Originally Posted by **LittleWing** Yes I know my physics professor is very vague with his questions..thank you for answering and decyphering my cryptic question.
Here is another attempt at the second question....
Ball is dropped from a building and it takes twice as long for the ball to drop off the last 500m as it does for the ball to drop the first 'h' meters. Determine H..... T(2)= T(1) x 2 |

I would do this in a few steps (for the sake of clarity.)

Let the height of the building be H. When the ball is at 500 m, let this be at time T. Then we know that

y = y0 + v0*t + (1/2)at^2 gives:

500 = H - (1/2)*gT^2

We need another equation in H and T to solve this. So let's take the second part.

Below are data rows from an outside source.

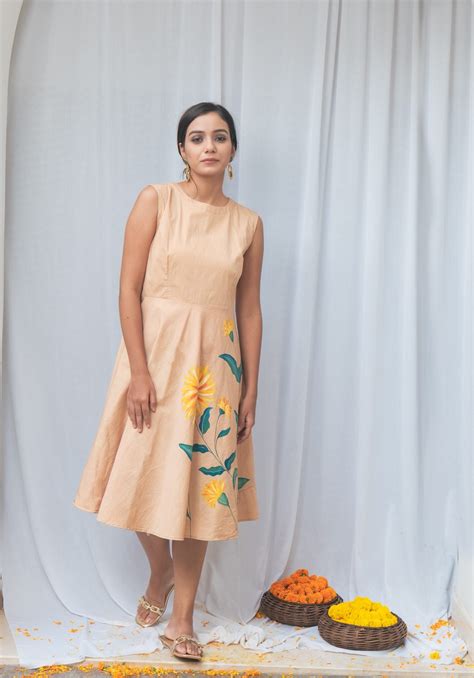 Hand painted sunflower motif – Rimush Innovations Pvt Ltd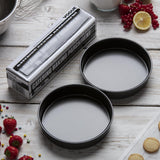 Ensemble moules à gâteaux et papier sulfurisé Vogue Bake Like A Pro - NISBETS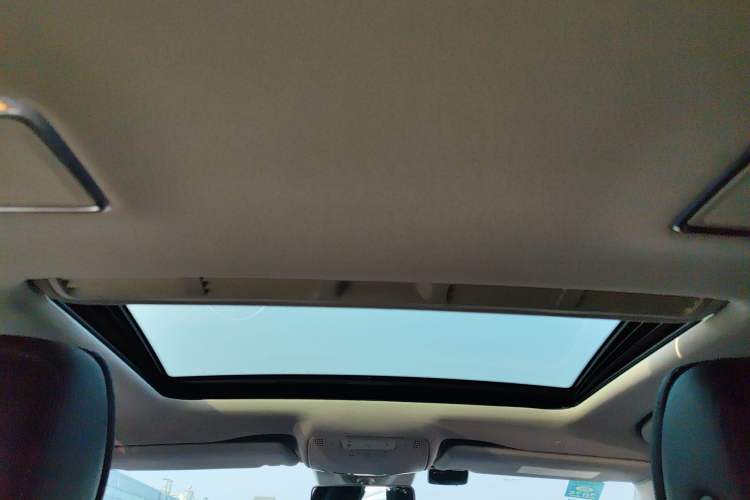 Used Mercedes-Benz E-Class 2017 E 300 L Sporty and Stylish Model
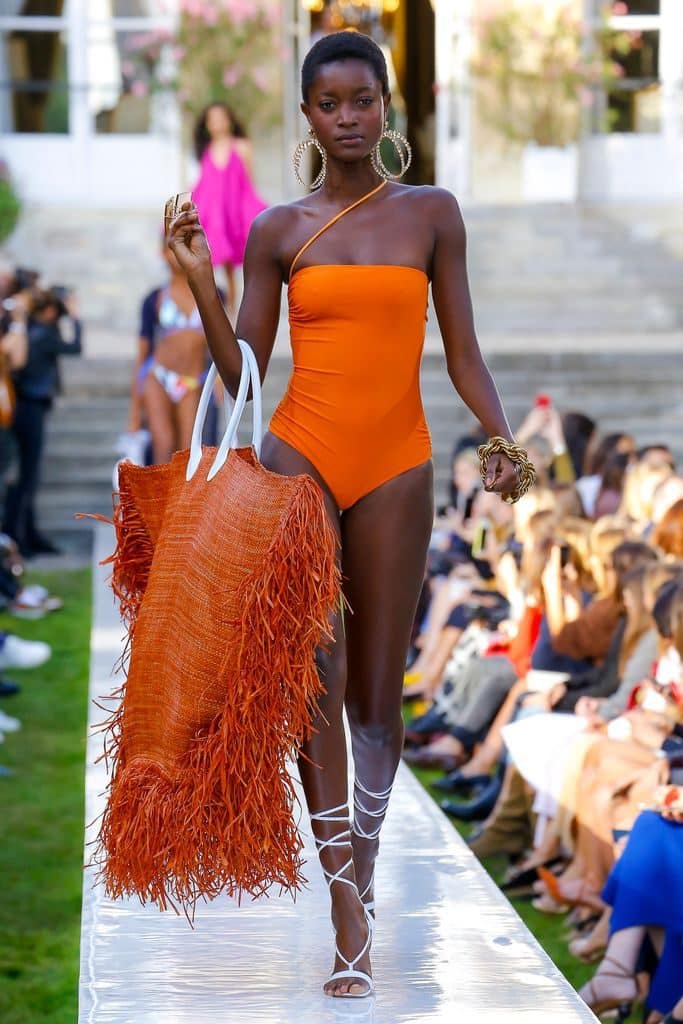 Modelo en bañador con maxibolso en el desfile de Jacquemus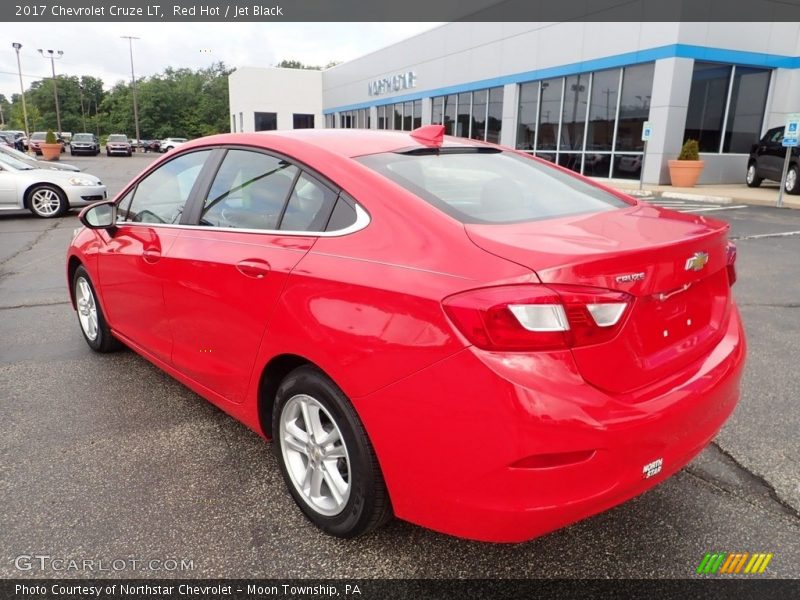 Red Hot / Jet Black 2017 Chevrolet Cruze LT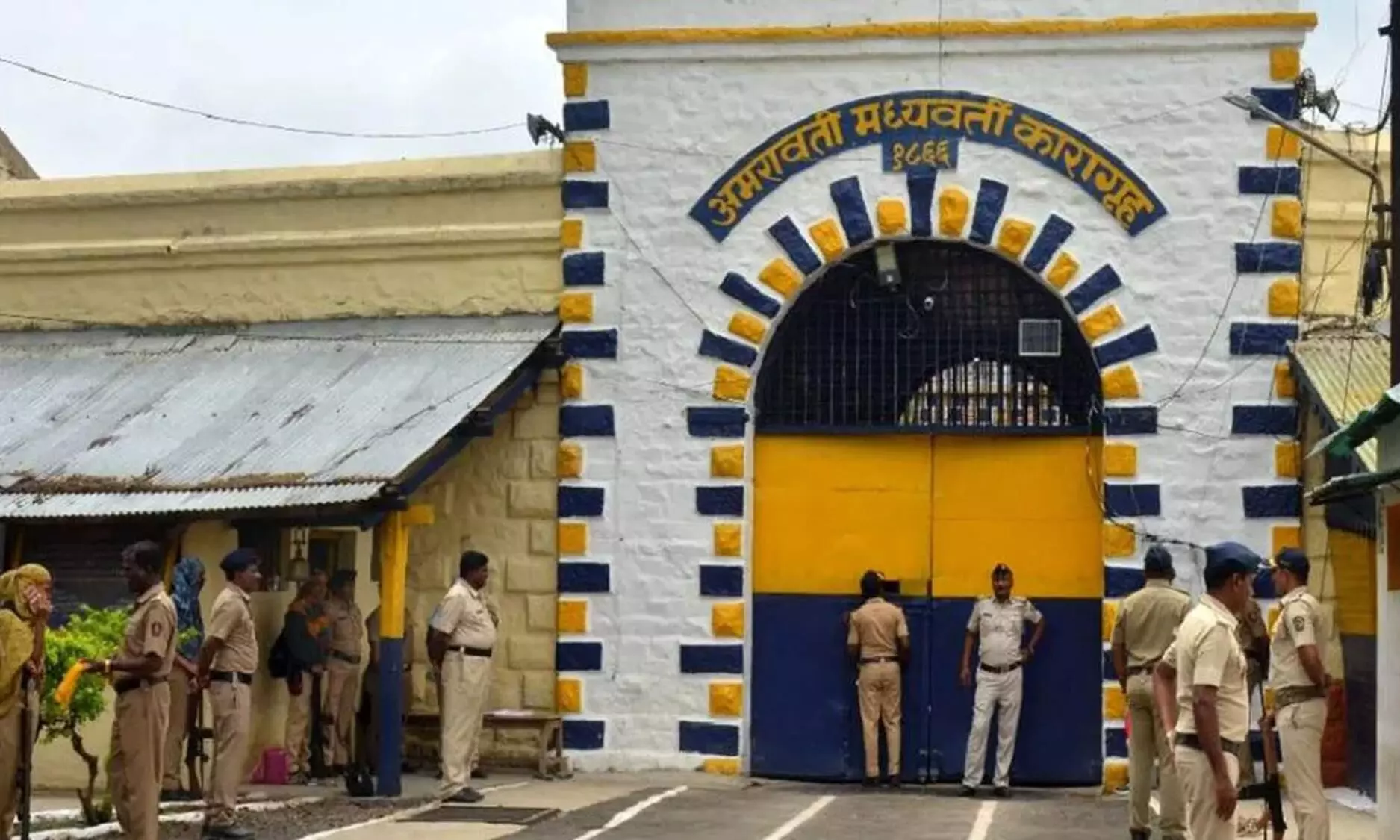 जेल में फिर मिला मोबाइल, अब तक 6 बरामद, नपेंगे जेल अधिकारी जेल में फिर मिला मोबाइल, अब तक 6 बरामद, नपेंगे जेल अधिकारी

The initial time is T and the final time is T + 2T = 3T. The ball starts at y0 = 500 m. So we have

y = y0 + v0*(t - t0) + (1/2)a(t - t0)^2

(This equation is the same as y = y0 + v0*t + (1/2)at^2 with the exception of a "displaced" time variable.)

So

0 = 500 + v0*(2T) - (1/2)g*(2T)^2

Notice that the v0 in this equation is equal to the final v in the first part. So we need v from the first part:

v = v0 + at

v = -gT

Putting this v into the equation for the second part of the fall we get as v0:

0 = 500 + (-gT)*(2T) - (1/2)g*(2T)^2

This is an equation for T. From here we can get H:

500 = H - (1/2)gT^2

and then h:

H = h + 500

-Dan